Losing a family member is difficult. Inevitable, but difficult.
All of us at the Index-Journal mourn the loss of a woman who was not only our boss, but a dear family member. Judi Burns, president and publisher, died Thursday at the age of 72 after a lengthy battle with illness.
As with most things in her life, Judi fought this fight her way. Until the last few weeks, she maintained a schedule that included daily trips to the office and leading our weekly managers meetings.
She complained little about her own ailments. She was good at diverting attention, focusing instead on the business at hand of running a daily community newspaper. Or focusing on how others at the Index-Journal were doing.
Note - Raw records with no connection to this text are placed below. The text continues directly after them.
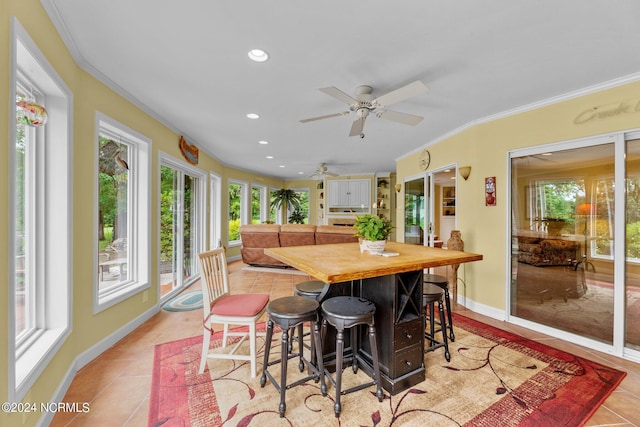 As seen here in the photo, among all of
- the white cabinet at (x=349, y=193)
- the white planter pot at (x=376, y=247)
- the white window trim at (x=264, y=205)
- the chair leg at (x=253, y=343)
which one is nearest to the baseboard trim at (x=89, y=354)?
the chair leg at (x=253, y=343)

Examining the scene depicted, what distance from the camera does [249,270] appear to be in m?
5.79

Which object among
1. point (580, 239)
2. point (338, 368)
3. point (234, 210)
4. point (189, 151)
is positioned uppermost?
point (189, 151)

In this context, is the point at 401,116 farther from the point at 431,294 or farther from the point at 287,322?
the point at 287,322

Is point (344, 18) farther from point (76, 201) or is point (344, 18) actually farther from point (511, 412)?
point (511, 412)

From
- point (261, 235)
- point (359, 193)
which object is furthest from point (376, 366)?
point (359, 193)

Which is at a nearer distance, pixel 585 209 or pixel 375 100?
pixel 375 100

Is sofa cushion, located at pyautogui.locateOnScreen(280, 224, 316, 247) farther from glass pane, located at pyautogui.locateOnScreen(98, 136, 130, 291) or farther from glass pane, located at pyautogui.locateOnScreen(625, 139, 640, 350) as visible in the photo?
glass pane, located at pyautogui.locateOnScreen(625, 139, 640, 350)

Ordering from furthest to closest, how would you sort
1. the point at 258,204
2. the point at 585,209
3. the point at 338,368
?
the point at 258,204 → the point at 585,209 → the point at 338,368

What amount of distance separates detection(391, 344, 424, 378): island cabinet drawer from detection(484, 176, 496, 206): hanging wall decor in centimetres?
226

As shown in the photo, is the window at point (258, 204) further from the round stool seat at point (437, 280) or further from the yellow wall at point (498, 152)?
the round stool seat at point (437, 280)

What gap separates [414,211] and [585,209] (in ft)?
9.13

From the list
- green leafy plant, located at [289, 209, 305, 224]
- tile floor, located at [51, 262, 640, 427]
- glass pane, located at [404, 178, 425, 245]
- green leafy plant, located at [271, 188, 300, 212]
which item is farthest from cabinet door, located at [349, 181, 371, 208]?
tile floor, located at [51, 262, 640, 427]

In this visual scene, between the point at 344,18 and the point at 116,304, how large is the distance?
10.5 feet

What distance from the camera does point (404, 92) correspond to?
6.89 ft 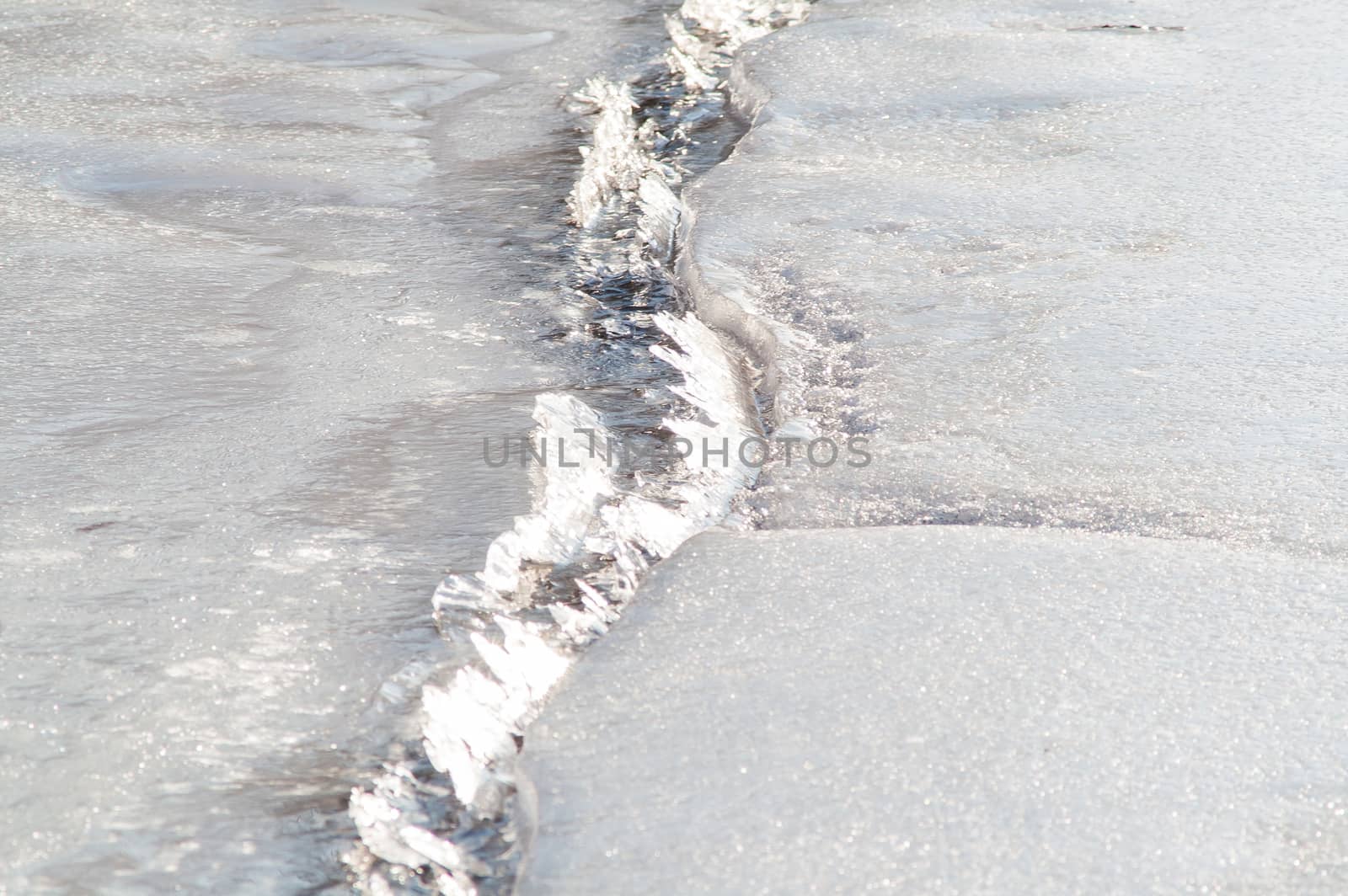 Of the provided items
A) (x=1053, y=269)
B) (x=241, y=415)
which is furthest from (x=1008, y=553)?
(x=241, y=415)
Judi much preferred talking about good cuts of meat available at Corley’s and the Pantry Shoppe than discussing any of her woes.
Judi was the mother to three daughters, two who worked alongside her at the newspaper, but she was also something akin to a mother to her employees, even those who might best be described as her contemporaries.
There is an expression among journalists and newspaper people. The ink is in our bloodstream. We say that to describe the breadth and depth of our passion for and devotion to our trade. It was in Judi’s blood too, passed down from her father and mother who were this paper’s publishers before her, and rooted in her journalism studies at the University of South Carolina. Rest assured that commitment remains in the family’s blood today as Judi’s daughters, Mundy Price and St. Claire Donaghy, take the newspaper’s reins heading into the Index-Journal’s next century.
Perhaps more important was Judi’s devotion to real community journalism. By that we mean the kind of community journalism that only locally owned newspapers can commit themselves to and give its readers. From the first edition in February 1919 to the one you hold in your hands today, the Index-Journal has maintained a proud history as a family-owned newspaper serving and reflecting its community. And with no big corporation strings attached, strings that demand bigger and bigger returns on investment at the expense of holding true to the journalism trade.
Judi believed in the public’s right to know, she believed in transparency in government — and she fought for it, with the company’s checkbook and through the judicial system.
Moreover, Judi believed in her employees. She entrusted them to do the newspaper’s business because she trusted them much like family. Of course, she also expected only the best from her employees, in much the same way family members have expectations of each other. With disappointments came appropriate measures of discipline and, yes, sometimes wrath. Bosses get upset; so do mommas. But unlike most bosses, there were plenty of moments when anger would subside and be replaced with smiles and hugs. Yes, hugs.
Greenwood and the Lakelands, you have lost a special lady. A smart lady. A true Southern lady with plenty of grit and grits. Girls Raised In The South, you know.
We at the Index-Journal have lost a dear boss, a dear friend, a second momma.
Losing a family member is difficult. Painful.